Problem details -
Give back, unchanged, the lines from the one containing "this 600×428 image." to the end of the listing, inclusive of both.
-------- Provided records
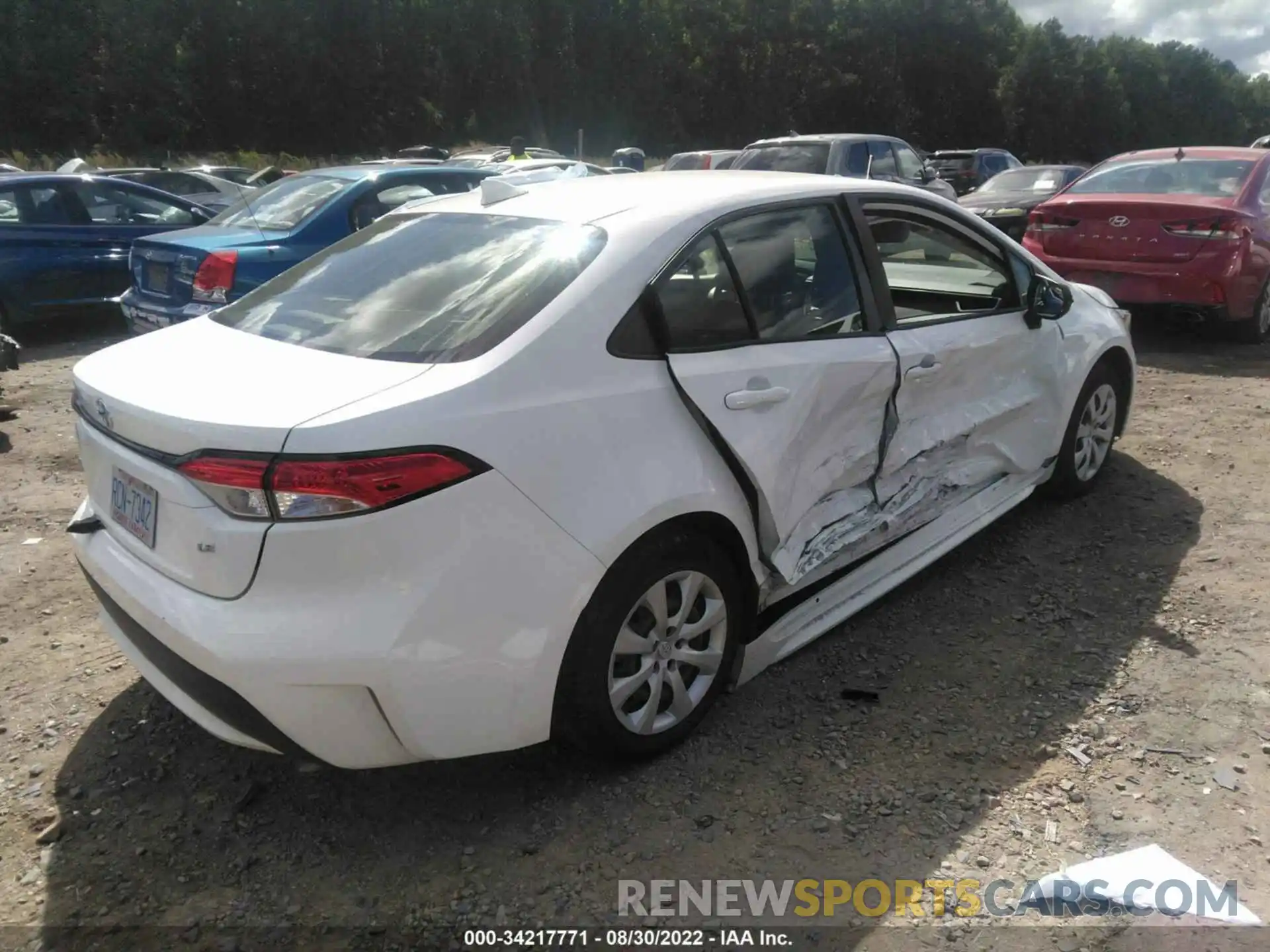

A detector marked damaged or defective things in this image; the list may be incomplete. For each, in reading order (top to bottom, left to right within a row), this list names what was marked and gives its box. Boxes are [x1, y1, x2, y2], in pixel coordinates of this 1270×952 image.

damaged white toyota corolla [67, 171, 1143, 766]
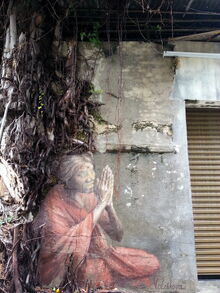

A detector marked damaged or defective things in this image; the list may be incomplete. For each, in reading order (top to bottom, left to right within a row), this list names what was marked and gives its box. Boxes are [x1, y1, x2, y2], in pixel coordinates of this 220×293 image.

cracked plaster wall [78, 41, 198, 292]
paint peeling patch [131, 120, 173, 136]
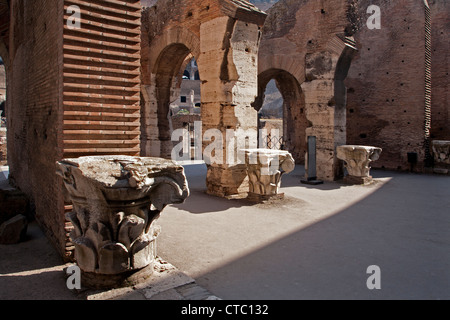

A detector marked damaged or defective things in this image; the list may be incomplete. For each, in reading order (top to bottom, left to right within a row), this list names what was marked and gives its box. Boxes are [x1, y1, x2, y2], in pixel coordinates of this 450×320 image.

broken architectural fragment [243, 149, 296, 201]
broken architectural fragment [336, 145, 382, 185]
broken architectural fragment [56, 156, 190, 288]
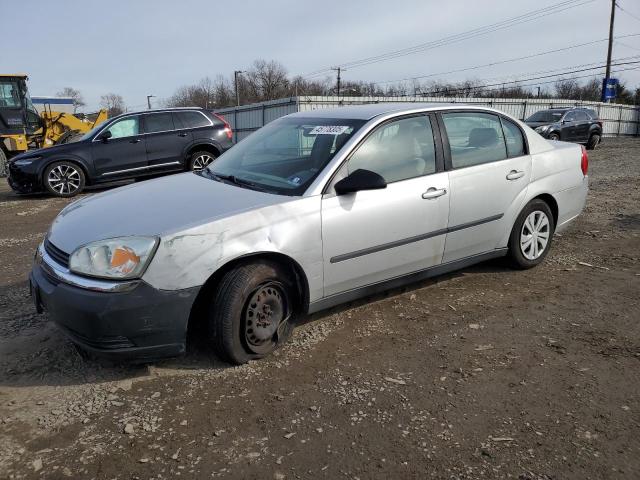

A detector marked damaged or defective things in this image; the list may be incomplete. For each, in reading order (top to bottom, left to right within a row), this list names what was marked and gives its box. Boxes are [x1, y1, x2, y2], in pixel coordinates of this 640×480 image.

damaged front bumper [30, 244, 199, 360]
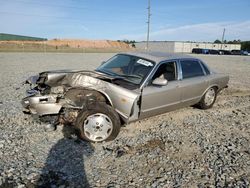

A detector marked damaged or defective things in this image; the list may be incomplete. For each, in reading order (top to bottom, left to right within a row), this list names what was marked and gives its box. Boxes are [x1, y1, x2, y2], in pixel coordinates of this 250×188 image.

detached front wheel [75, 103, 120, 142]
damaged sedan [22, 50, 229, 142]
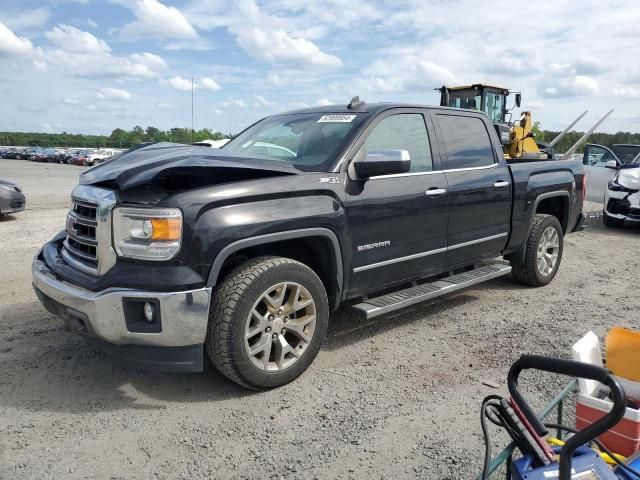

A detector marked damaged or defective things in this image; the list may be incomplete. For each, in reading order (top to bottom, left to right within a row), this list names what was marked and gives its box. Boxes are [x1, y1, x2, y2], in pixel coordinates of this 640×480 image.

dented hood [80, 141, 300, 189]
broken headlight assembly [112, 205, 182, 258]
damaged front bumper [32, 249, 211, 374]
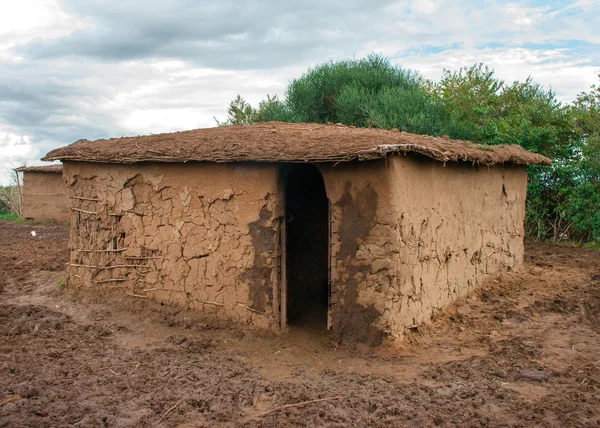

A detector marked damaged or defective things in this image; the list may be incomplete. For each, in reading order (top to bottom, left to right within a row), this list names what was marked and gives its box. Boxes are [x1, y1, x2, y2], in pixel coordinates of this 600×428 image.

cracked mud wall [21, 171, 68, 222]
cracked mud wall [62, 160, 280, 328]
cracked mud wall [384, 155, 524, 340]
----------------
Finished task -
A detector marked damaged or defective things in this image; the list may be incomplete. For each, in reading order (top to bottom, left to right within a row), this list names what was marked and gives its box. Boxes are [x1, y1, x2, y2], in pixel coordinates of this 600×428 image.

cracked mud wall [21, 171, 68, 222]
cracked mud wall [62, 160, 280, 328]
cracked mud wall [384, 155, 524, 340]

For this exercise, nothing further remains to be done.